In 2012, Stanford Hospital and Clinics implemented a controversial policy that required physicians aged 75 and older to undergo peer evaluation of clinical performance, cognitive and physical examinations, and other testing every 2 years.

Amid protest from physicians who criticized the policy as age discrimination, senior faculty members voted in 2015 to reject the policy.

A key argument in favor of age-related assessment is that those with cognitive decline or mild cognitive impairment may fail to recognize or be willing to act on their own decline, as was shown in a 2006 study published in JAMA.

That study concluded that "while suboptimal in quality, the preponderance of evidence suggests that physicians have a limited ability to accurately self-assess. The processes currently used to undertake professional development and evaluate competence may need to focus more on external assessment."

The Upside of Assessment

In discussing evidence on the changing levels of competency across age groups in medical practice, Marcia A. Lammando, RN, program director for the Foundation of the Pennsylvania Medical Society's LifeGuard program, in Harrisburg, Pennsylvania, reviewed 1618 practices in Quebec between 2001 and 2010. Lifeguard is a clinical competency skills assessment program.

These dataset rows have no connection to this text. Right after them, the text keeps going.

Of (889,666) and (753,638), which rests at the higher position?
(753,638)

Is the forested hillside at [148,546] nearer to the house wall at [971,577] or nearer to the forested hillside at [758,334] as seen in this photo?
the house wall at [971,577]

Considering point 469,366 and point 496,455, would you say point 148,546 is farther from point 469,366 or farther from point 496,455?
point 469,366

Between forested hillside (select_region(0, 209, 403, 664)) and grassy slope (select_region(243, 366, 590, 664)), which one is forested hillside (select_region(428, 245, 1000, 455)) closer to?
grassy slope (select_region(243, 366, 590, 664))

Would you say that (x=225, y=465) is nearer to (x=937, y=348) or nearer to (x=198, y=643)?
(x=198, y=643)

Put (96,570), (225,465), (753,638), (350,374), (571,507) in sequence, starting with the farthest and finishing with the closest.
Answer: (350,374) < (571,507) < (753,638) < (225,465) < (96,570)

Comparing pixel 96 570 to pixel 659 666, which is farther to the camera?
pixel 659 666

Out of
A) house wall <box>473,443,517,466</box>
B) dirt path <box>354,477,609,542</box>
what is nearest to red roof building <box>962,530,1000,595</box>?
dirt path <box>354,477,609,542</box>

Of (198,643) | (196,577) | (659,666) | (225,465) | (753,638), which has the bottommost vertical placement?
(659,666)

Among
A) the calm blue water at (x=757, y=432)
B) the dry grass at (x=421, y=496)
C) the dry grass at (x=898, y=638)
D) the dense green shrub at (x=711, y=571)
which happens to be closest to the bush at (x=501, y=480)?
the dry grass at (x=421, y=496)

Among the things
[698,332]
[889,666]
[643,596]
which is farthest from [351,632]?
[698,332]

The review showed that physicians older than 70 had a threefold increased rate for licence cancellation due to incompetence compared to those younger than age 70 – 31% vs 10%, respectively. For physicians aged 65 to 69, the rate that was only slightly higher than average, at 13%.

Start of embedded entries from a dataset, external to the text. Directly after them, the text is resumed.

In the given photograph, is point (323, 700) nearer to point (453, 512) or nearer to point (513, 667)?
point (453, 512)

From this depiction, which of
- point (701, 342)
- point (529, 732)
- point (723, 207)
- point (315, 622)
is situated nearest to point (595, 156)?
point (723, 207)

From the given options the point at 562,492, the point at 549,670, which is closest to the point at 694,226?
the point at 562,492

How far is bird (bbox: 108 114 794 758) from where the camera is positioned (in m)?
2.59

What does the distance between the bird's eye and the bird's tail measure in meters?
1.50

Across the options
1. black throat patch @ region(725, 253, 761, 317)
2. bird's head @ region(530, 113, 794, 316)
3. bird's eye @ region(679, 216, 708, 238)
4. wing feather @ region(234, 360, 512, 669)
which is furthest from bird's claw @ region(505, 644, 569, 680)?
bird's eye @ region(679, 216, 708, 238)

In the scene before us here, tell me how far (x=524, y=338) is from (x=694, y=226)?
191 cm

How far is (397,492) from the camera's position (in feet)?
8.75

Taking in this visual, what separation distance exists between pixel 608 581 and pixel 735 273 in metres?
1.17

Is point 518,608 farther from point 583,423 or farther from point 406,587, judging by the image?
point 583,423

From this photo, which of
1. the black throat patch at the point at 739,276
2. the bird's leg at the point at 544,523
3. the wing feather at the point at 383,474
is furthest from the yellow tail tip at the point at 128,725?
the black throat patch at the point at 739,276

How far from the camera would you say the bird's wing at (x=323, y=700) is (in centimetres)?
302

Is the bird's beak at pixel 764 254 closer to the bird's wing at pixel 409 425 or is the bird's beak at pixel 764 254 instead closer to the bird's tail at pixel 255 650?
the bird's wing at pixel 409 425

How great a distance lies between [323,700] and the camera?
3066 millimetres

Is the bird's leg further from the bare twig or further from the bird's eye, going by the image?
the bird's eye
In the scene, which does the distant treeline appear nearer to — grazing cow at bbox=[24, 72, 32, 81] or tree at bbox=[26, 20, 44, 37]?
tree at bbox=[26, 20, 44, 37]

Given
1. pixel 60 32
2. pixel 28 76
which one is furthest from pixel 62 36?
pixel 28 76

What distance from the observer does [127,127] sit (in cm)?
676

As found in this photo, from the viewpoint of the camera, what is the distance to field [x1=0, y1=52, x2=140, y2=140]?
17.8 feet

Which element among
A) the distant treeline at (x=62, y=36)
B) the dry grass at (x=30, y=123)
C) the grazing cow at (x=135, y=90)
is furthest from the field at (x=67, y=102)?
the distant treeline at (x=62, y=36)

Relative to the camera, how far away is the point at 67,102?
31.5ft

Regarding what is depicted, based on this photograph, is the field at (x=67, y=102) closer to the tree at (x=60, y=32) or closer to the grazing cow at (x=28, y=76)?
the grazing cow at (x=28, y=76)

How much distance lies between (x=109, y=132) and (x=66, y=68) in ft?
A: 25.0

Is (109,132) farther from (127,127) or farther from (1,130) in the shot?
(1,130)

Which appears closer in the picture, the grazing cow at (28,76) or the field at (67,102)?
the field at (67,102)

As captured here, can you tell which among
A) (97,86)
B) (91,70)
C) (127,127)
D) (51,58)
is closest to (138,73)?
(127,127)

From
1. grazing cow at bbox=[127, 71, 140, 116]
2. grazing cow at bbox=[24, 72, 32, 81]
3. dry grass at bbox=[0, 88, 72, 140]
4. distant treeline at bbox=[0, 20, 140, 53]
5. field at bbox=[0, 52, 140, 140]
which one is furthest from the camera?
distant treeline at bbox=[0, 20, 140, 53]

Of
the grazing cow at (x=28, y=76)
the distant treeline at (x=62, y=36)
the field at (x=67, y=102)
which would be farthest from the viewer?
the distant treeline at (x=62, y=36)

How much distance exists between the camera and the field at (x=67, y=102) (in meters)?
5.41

In addition, physicians aged 65 to 69 had almost double the rate of recommended remediation compared to those under age 65 – 18% vs 10%.

Findings from Ontario indicated that 22% of physicians older than 75 had gross deficiencies in their practice, compared to 16% among those aged 50 to 74, and 9% of those younger than 49.

Interestingly, although physicians aged 55 and older had worse performance compared to those younger than 55, there was little difference in physicians' performance outcomes in the 55- to 69-year-old group and those older than 70.

Late-career assessments, though not always welcome, can have important benefits for physicians, Lammando said.

"It can help increase self-awareness and pinpoint the areas of improvement the physician may not have been aware of. Assessment can in fact delay retirement for some physicians," she said.

"If a practice modification can be identified and the change can keep a physician working for 3 to 5 years, for instance, that's better for the organization and patients, and certainly for the physician's well-being," Lammada added.

The process can also be a means for easing into retirement, she added.

"Physicians will often have their entire persona wrapped in being an MD, so we have a transitional psychiatrist who can work with them, and we also have a panel of 'successfully retired' physicians to help."

No Standardized Testing

Just as there is high variation in physician competence in older age, there is variation in assessment processes among the health systems that have implemented age-based screening.

Lammando noted that the California Public Protection and Physician Health has established policies and procedures for age-based screening guidelines that have influenced other programs around the country. A key factor, she underscored, is standardization.

"An important consideration is who performs the assessment – if it's performed within a practice or institution, a lot of bias can be introduced. If the assessment is performed at a regional or national center, the risk of bias is decreased, and there is typically more expertise and standardization in the assessment," she said.

Assessments performed proactively can help avoid some of the unwanted aspects of reactive assessments, which typically involve physicians being referred as a last resort, often placing the physician in a more defensive position, Lammando added.

With proactive assessments, baselines can be established for medical staff at a certain age, and the process is more standardized, with all physicians or providers being assessed upon reaching a predetermined age.

"The goal of assessment would be safe patient care, quality improvement and maximizing patient health," she said.

Dr Ellison and Marcia Lammando have disclosed no relevant financial relationships.

American Association for Geriatric Psychiatry (AAGP) 2017. Presented March 25, 2017.